Erica and her partner’s family visited the Island in 1970, and quickly Erica fell in love with landscape, colour, horizon. By 1972 Erica found a house in Earnscliffe where she came every summer. Then in l977 she moved here permanently. After a few years, she spent much time searching for a larger home that could incorporate studio space, and found an old farmhouse in Pinette. She and Ambika Gail undertook vast renovations, including converting the barn to a printmaking studio, as well as creating a luxurious garden (where Erica dug 6 foot trenches for flowers!) to complete their paradise.
Erica was blessed with a creative and visionary mind, hand and eye that was equally at home in theatre, film-making and all visual arts. Once the Pinette barn was transformed, Erica and Ambika Gail conceived of sharing their love of printmaking by inviting prominent printmakers to give workshops here to local artists, then have another week for their own work…not to mention the added enticement of great food, wine and company. It only took the first visiting artist Jan Winton to rave about her experience here as the place to go. Many local artists were nourished, mentored and encouraged by these workshops. Printmaking thrived on the Island. Eventually this active group of artists formed the Printmakers Council of PEI and established a first class artist run studio in the Arts Guild building. This brainchild of Erica and Ambika Gail was a vital part of visual arts here. Their legacy can be seen in the new Confederation Centre Art Gallery show called Printed in PEI, which displays selected prints from the over 300 archival prints recently donated to the Centre by PCPEI.

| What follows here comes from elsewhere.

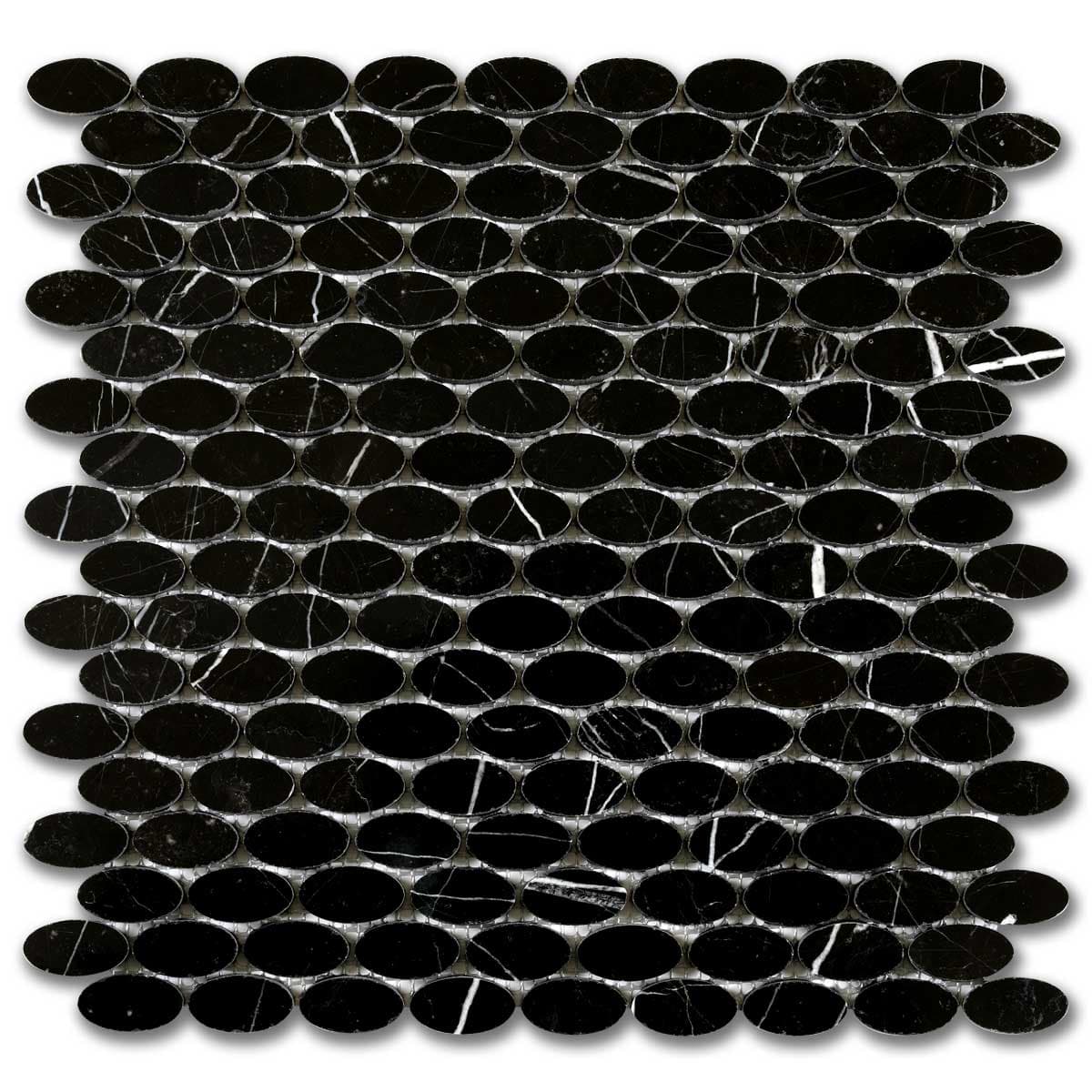 мозайка Торос Елипс – Полиран Мрамор 30x30 см | Ексклузивен Естествен Камък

As well as mentoring so many artists, Erica was actively printmaking, painting, designing theatre sets and writing. She illustrated two children’s books, published the hilarious Yoga for Cats, and then her autobiography Nine Lives in l993. Two years later she started her evocative series of paintings, The Human Comedy that would become a major show at Confederation Centre Art Gallery in l998.

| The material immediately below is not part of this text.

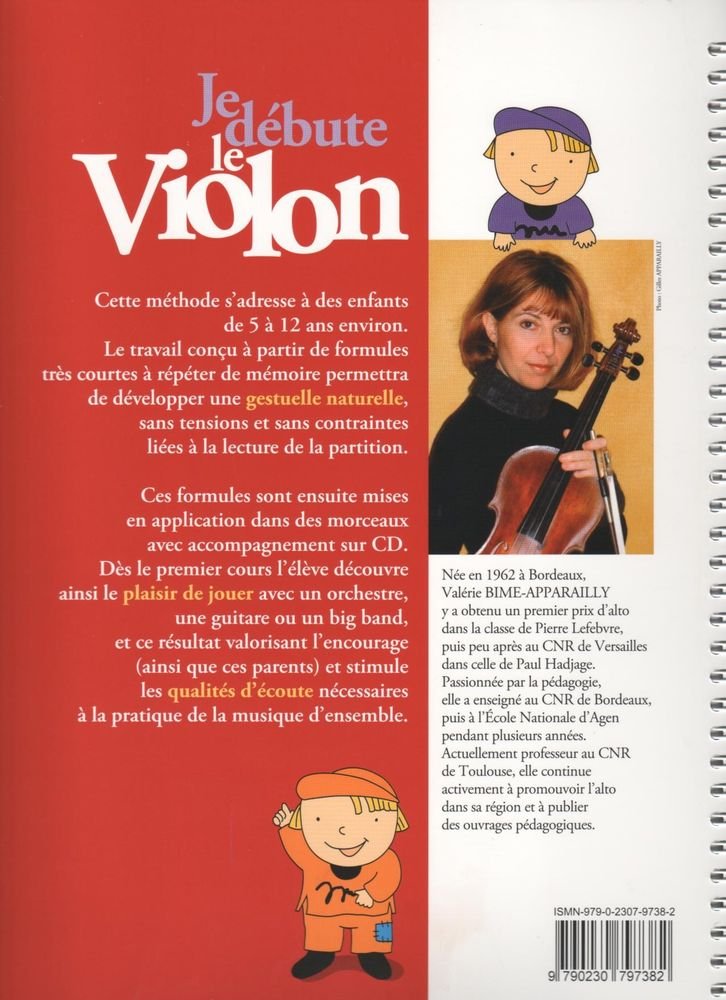 VALERIE BIME-APPARAILLY : JE DEBUTE LE VIOLON - VOL. 1 - RECUEIL + CD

Erica contributed so much to the Island…great art, a searching spirit of innovation, a vivid mind, kindness to other artists and a wicked sense of humour about life’s follies. To keep Erica alive in our hearts, The PEI Council of the Arts, along with Ambika Gail and daughter Susana, have created The Erica Rutherford Memorial Scholarship. This will be awarded each year to a young Islander embarking on studies in an accredited program in fine arts, theatre, dance, writing or film-making. The first award will be autumn, 2008. Erica’s family is considering a sale of some of her artworks to support the scholarship. We all feel Erica would totally support this initiative in her honour. She firmly believed in a wide education for artists and was quite outraged that after the early 90s there was no access to full higher arts education here.
All of us who love Erica will miss her profoundly. We have some comfort that she had a long, full and ever passionate life.